As MEED went to press, all the signs were that OPEC would leave its 25.4 million barrel-a-day (b/d) ceiling unchanged. OPEC President and Qatari Minister of Energy & Industry Abdullah bin Hamad al-Attiya and Saudi Petroleum & Mineral Resources Minister Ali Naimi have both indicated they see no need for immediate supply cuts. 'The likely outcome is that the meeting will maintain the production ceiling as it is at present,' said UAE Petroleum & Mineral Resources Minister Obeid bin Saif al-Nasseri on 27 July. 'The market is relatively stable and has moved in a narrow band of $3, which is inside the price band of $22-28 per barrel, only briefly going over the top end of the ceiling.'

Iraq's recovery has accelerated in recent weeks, with term contracts signed assuming exports of at least 645,000 barrels a day (b/d) in August, 200,000 b/d more than the July average.

However, the situation remains too uncertain to form the basis for an immediate OPEC production cut. 'We don't want to overextend ourselves on volume,' said a Iraq State Oil Marketing Organisationofficial on 29 July. 'We are sure we can handle about 650,000 barrels a day.' This compares with pre-war output of some 2.1 million b/d.
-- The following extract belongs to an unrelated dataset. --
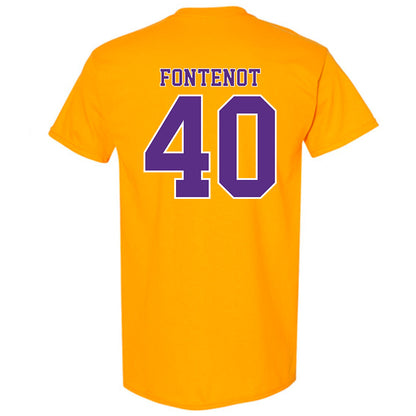LSU - NCAA Baseball : Grant Fontenot - Classic Shersey T-Shirt-1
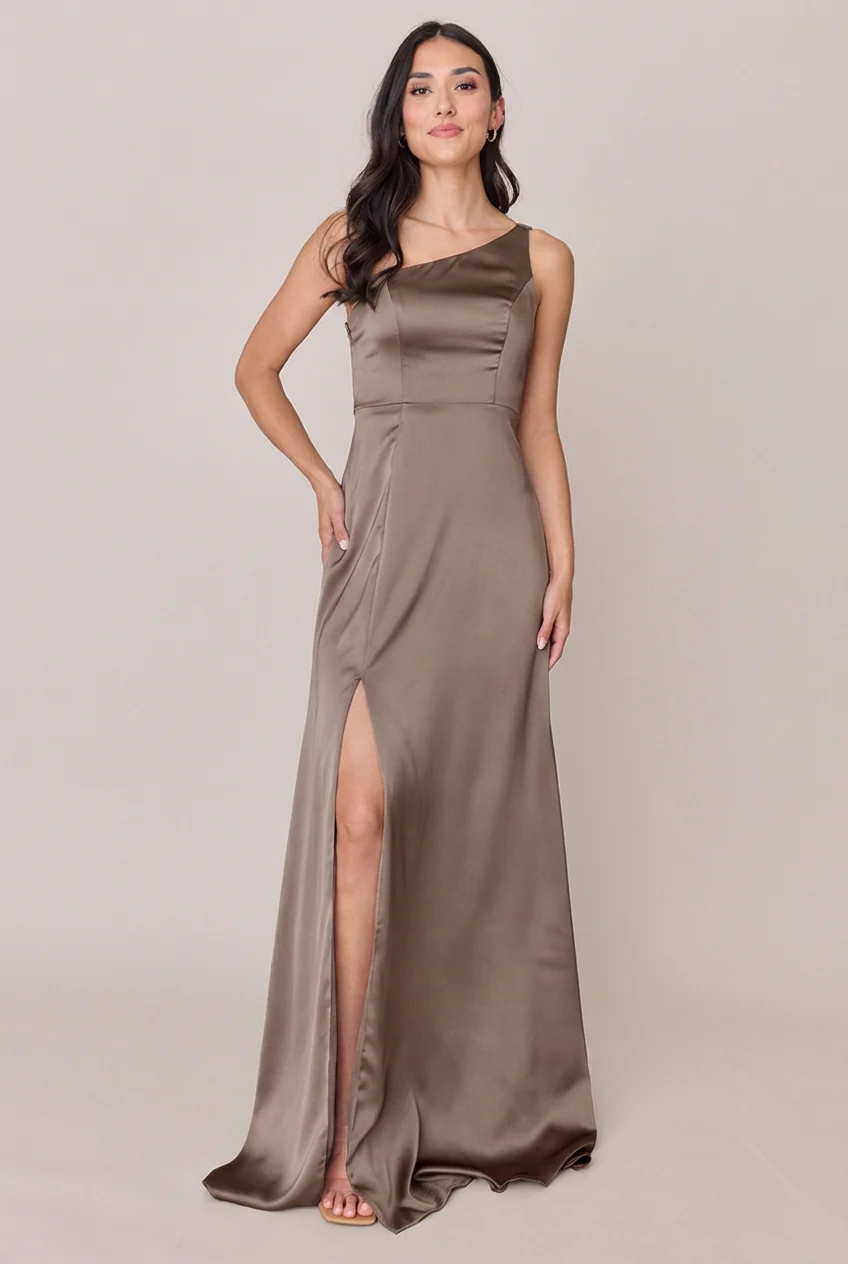 Inez Satin Dress | Made To Order - Image 225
Exports have yet to resume from the northern Kirkuk fields because the pipeline to the Ceyhan export terminal remains out of action. Total production at the northern fields stands at about 550,000 b/d, but the needs of local refineries will leave only some 300,000 b/d available for export. Security also remains precarious.

'The ministers know they will have to cut production sometime, but that decision will keep getting postponed until Iraq is consistently back on the market,' says one London-based analyst. 'Crude oil inventories are especially low in the US and overall oil storage figures for the OECD are barely adequate.'

US stocks achieved a 1 million-barrel build to 277.3 million barrels in the week to 25 July, narrowing the deficit from the corresponding period in 2002 to 9.8 per cent. Crude imports increased to 10.1 million b/d. Basra Light should begin hitting US shores in August, hard on the heels of plentiful supplies from West Africa and the North Sea.